The only downside to Winnipeg was the train line next to the car park. These freight trains rumbled throughout the night. They were not many in number, however each was about 3km long and travelled at about 15km/h taking an endless time to pass, clanging and breaking immediately alongside the truck. This was Friday and Saturday night! Why couldn’t the drivers just go to the Rib Fest like everyone else!

Sunday and we were off again through the heartland of Canada and the prairies. The roads all levelled out and the higher ground fell away to reveal miles and miles, and miles of agriculture. It was flat except for the numerous grain storage facilities that stood next to rail heads and loaded freight trains so they could, in turn, travels to Winnipeg and keep everyone awake. A conspiracy some might say. The highway became monotonous as the miles were devoured beneath our wheels (Which were all behaving very well now!) We had endless, scholarly, conversations relating to such things as the similarity in appearance of Trump and Boris and whether they used the same hair dye, balanced with intellectual games to bide our time. Turns out the letter ‘T’ can stand for Train, Truck, Trailer, Tarmac, Tree and Telegraph Pole, all of which there is a never-ending quantity along the roadside. We were headed for the province of Saskatchewan and the town of Saskatoon on our route west. 

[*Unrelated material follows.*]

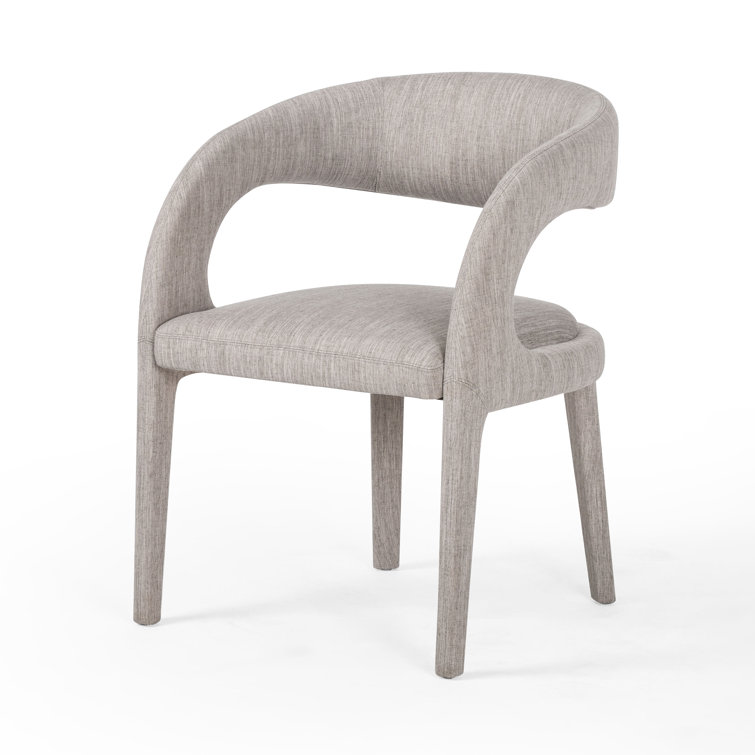 Savile Flannel Gray Upholstered Arm Chair with Wood & Cane Accents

It was evident that we were heading away from the populated south of the country and into the more rural areas. The population had that outdoorsy appearance and every other vehicle was a five-litre truck. In Saskatoon we again utilised a Walmart to get our heads down. It’s very common thing in Canada to use this chain and there are frequently other camper vans and trailers overnighting. They have very large car parks and as long as you don’t park in the store entrance everyone is happy. On this occasion, right next door to the Walmart was a very heroic, manly, outdoors store. I had to visit. 

It was like ‘Go Outdoors’ on steroids and had everything you could possibly want for outdoor living. This included a large variety of hunting weapons for every occasion. Rifles, shotguns, pistols, cross bows, archery sets (Proper Rambo style) and down to fishing gear. Not to mention a selection of knives and machete’s that even Bear Grylls has yet to add his moniker to. The store provided some stuffed victims in case you never actually got to see them because of the noise you were making humping around all of the gear.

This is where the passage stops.